すでに
取材で明らかになっていた通り、
AOL は8日、パソコンのセキュリティ対策状況をチェックするソフトウェア『Active Security Monitor』の無料提供を開始した。
また複数の報道によれば、同社は
McAfee などのセキュリティベンダーと提携し、Active Security Monitor のようなセキュリティ診断ツールとは別に、セキュリティ対策ツールのパッケージ製品『Total Care』の提供を近く始めるという。こちらは AOL 会員向けにバンドル提供するほか、一般販売も行なう模様だ。Total Care について問い合わせたところ、AOL の広報担当者はコメントを避けた。

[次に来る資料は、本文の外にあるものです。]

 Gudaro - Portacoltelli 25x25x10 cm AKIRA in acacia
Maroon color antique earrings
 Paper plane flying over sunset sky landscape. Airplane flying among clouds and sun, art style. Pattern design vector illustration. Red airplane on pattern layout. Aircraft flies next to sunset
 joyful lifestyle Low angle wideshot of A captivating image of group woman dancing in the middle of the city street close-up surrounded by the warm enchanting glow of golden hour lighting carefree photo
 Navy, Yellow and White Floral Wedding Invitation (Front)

Active Security Monitor に話を戻すと、同ツールはソフトウェア技術会社
Sereniti の協力を得て開発したものだ。発表によると、同ツールは家庭ネットワーク上にある個々の『Windows』パソコンについて、ファイヤーウォール、ウィルス対策、スパイウェア対策、Windows OS および Web ブラウザの更新状態、ワイヤレスセキュリティ、P2P ソフトウェア、パソコンの有用性、という項目を常時チェックするという。
同プログラムはパソコンをチェックした上で、明示的な統一指標として『Security Score』という点数を示し、セキュリティ対策を改善するためのアドバイスを提供する。

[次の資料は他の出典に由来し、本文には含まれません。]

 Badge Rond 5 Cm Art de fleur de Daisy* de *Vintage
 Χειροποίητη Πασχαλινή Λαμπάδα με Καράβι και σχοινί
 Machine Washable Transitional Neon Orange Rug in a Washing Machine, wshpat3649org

Security Score の点数は、たとえばセキュリティ ソフトウェアをどの程度更新しているかなどの情報に基づき、ウイルス感染/ID 窃盗/ネットワーク侵入に対する危険性を要約した数字だ。
診断ツールの Active Security Monitor 無料配布に加えて、上述した対策ツールの Total Care 提供となれば、いよいよ AOL は強豪ひしめくセキュリティ市場に本格参入することになる。

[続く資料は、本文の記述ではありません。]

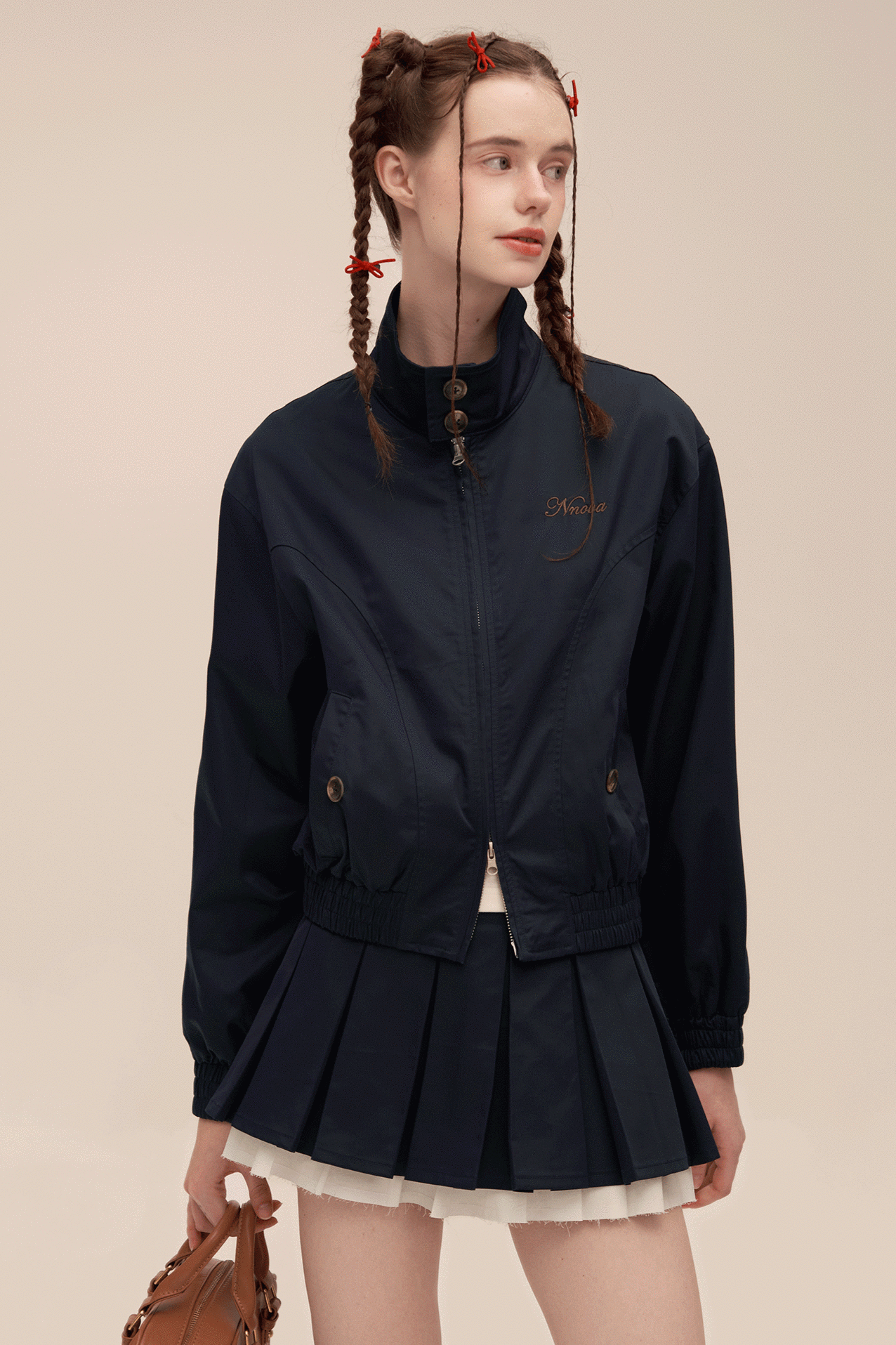 Retro Stitched Cropped Jacket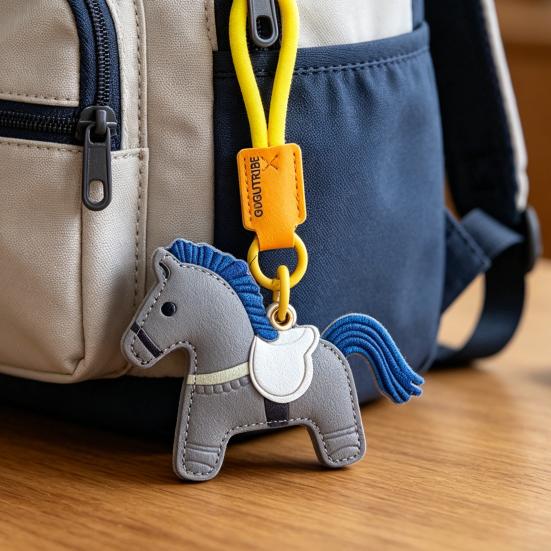 Keychain Pendant Cartoon Horse Shape Key Holder Colorful Faux Leather Access Card Case Bag Lanyard Decorative Keychain Accessory
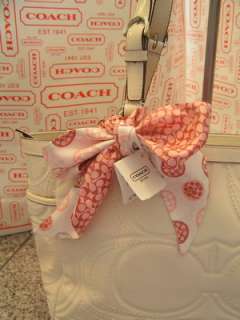 NWT COACH IVORY WHITE STITCHED PATENT LEATHER GALLERY E/W TOTE SCARF 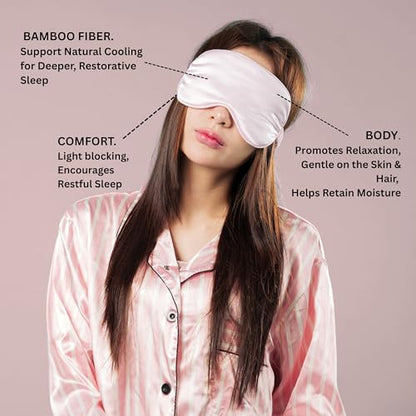 Luxury Bamboo Sleep Mask – Ultra-Soft Cooling Eye Mask for 100% Light Blocking, Adjustable Comfort Strap, Perfect for Travel & Better Sleep (Onyx) - color: Onyx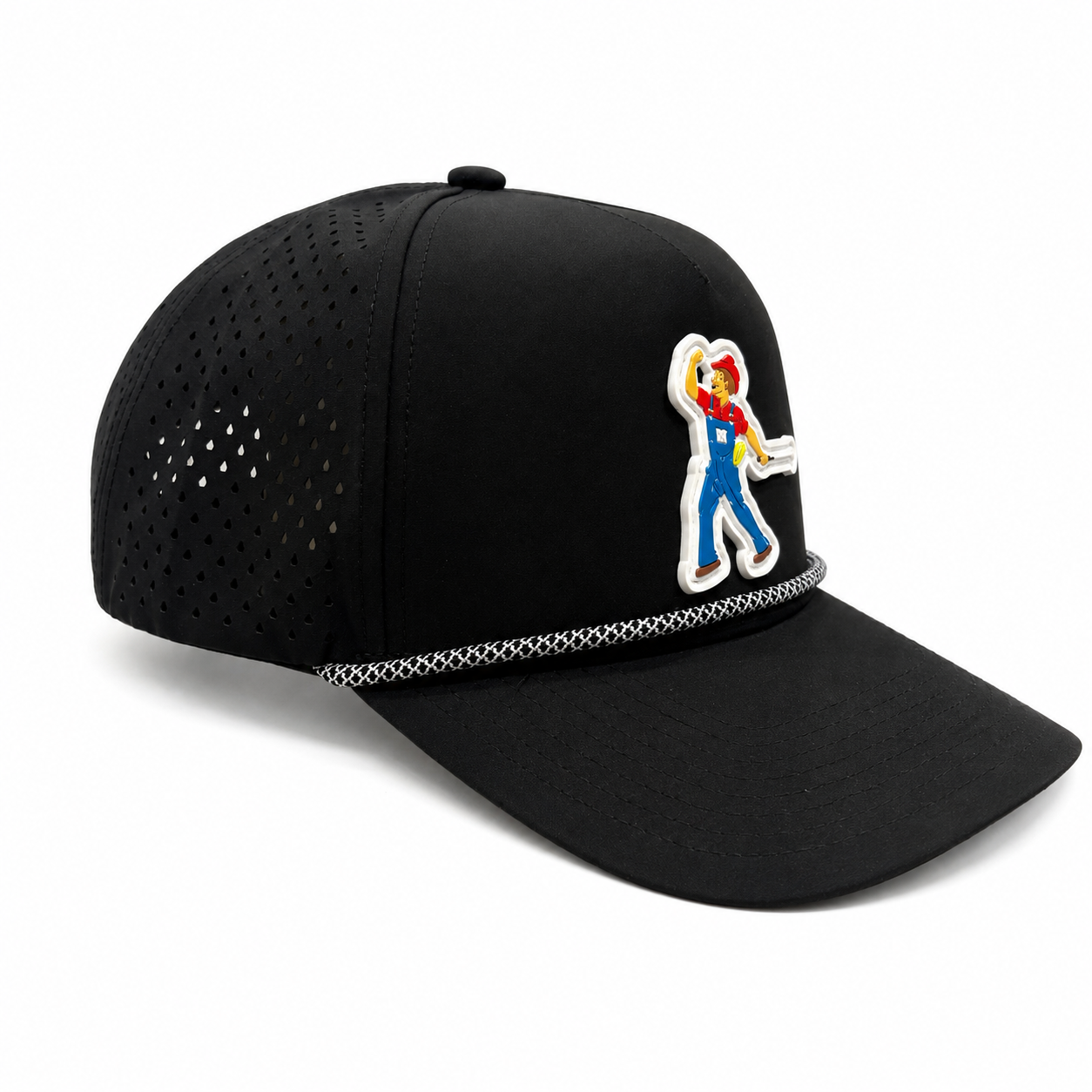 Herbie Husker Golf Rope Hat – Black Breathable Snapback | Iconic Hats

Microsoft は先月30日、Windows 搭載パソコンのセキュリティなど「健康」状態を守るサービス『Windows Live OneCare』の提供を
正式に開始した。OS という重要な部分を握る Microsoft の参入により、セキュリティ市場の競争は厳しさを増した。特に製品提供モデルの転換など、同市場では各社の動きが慌ただしい。
Windows Live OneCare では、ウイルス対策/ファイヤーウォール/ファイルバックアップ/パフォーマンス調整/無料サポートを提供する。
さらにスパイウェア対策についても、Microsoft 自ら『
Windows Defender』を無料配布している。同ソフトウェアをインストールした後、OneCare パッケージと容易に統合できる。
またセキュリティソフトウェア業界大手の McAfee は、次世代プラットフォーム『Falcon』ベースの
セキュリティサービス展開を計画している。こちらは今夏から提供開始の予定だ。
同じく業界大手の
Symantec も、情報保護製品『Norton Confidential』を年内に、そしてセキュリティサービス スイート『Norton 360』を2007年3月にリリースする予定になっている。